Reviewer #4:  Detailed Comments

Title and Abstract

The title is clear and descriptive, effectively capturing the dual focus on evaluating ML algorithms and identifying hypertension factors. It could perhaps be tightened for conciseness, something like "Machine Learning Approaches to Predict and Rank Hypertension Risk Factors Among Married Women in Bangladesh" – but that's minor.

The abstract is generally well-structured, summarizing the introduction, methods, results, and conclusion. I like how it highlights key metrics (e.g., F1 score jumping from 8% to 94% with SMOTE+ENN) and the top positive/negative factors from SHAP. However, there are a few awkward phrasings that make it feel a bit rough – for instance, "we aimed to develop a machine learning model to identify and rank predictive factors" could be more precise as "we developed..." since it's a completed study. Also, the prevalence stats (76.9% normal BP vs. 23.1% hypertensive) are useful, but tying them to broader implications right away might help. Grammatically, "infectundity" in the methods section should be "infecundity" (noted in responses to reviewers, but check if it's fixed). Overall, it's informative, but revise for smoother flow and ensure it matches the submission form version exactly, as flagged by the journal.

Introduction

The introduction sets up the problem nicely, starting with global hypertension stats and narrowing to Bangladesh, with a focus on women and married subgroups. I appreciate the literature review on ML applications in health outcomes – it's comprehensive, covering everything from SVMs in CHD prediction to SHAP's advantages over LASSO/ANOVA. References seem up-to-date and relevant, like the emphasis on tree-based models outperforming logistic regression.

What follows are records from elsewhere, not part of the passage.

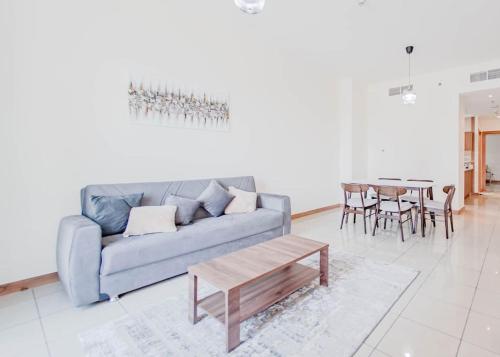 StoneTree - Spacious 1BR - Best Location for Tourist, Dubaj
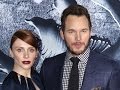 'Jurassic World' Bares Its Teeth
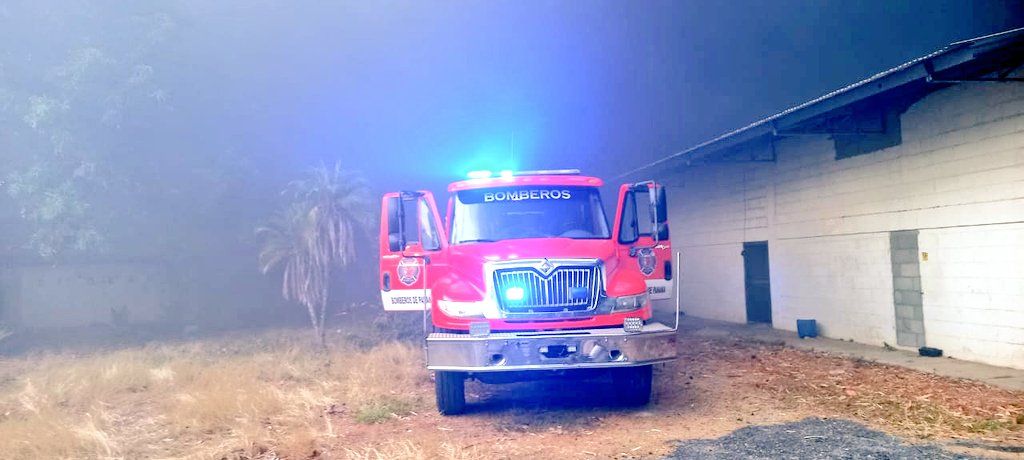 Unidades del <a href="/BCBRP/">Bomberos De Panamá</a> en #Coclé atendieron emergencia por herbazal incendiado en Finca privada en la comunidad de La Angostura en #Penonomé

Personal de la Estación de Natá apoyo en las labores de extinción.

That said, it feels a tad lengthy in places, with some repetition (e.g., multiple paragraphs on ML superiority). The knowledge gap – why married women specifically? – is stated, but could be backed with more evidence on cultural/economic factors in Bangladesh. Also, since the current date is 2025, mentioning why 2017-18 data was used over the 2022 BDHS (as addressed in reviewer responses) should be integrated here for transparency. In my opinion, this section is strong but could be streamlined to about 80% of its length to keep the reader engaged.

Methods

This is one of the stronger sections, with detailed descriptions of data source (BDHS 2017-18, n=4,253), preprocessing, and analysis. The choice of 12 algorithms (e.g., Extra Trees, XGBoost, SVM) and 6 balancing techniques (SMOTE, ADASYN, etc.) is justified well for handling imbalance. Validation methods (hold-out + repeated stratified k-fold) and hyperparameter tuning via random search are appropriate, and the evaluation metrics (F1, AUC-PR, etc.) suit imbalanced data. SHAP for feature importance is a great addition for interpretability.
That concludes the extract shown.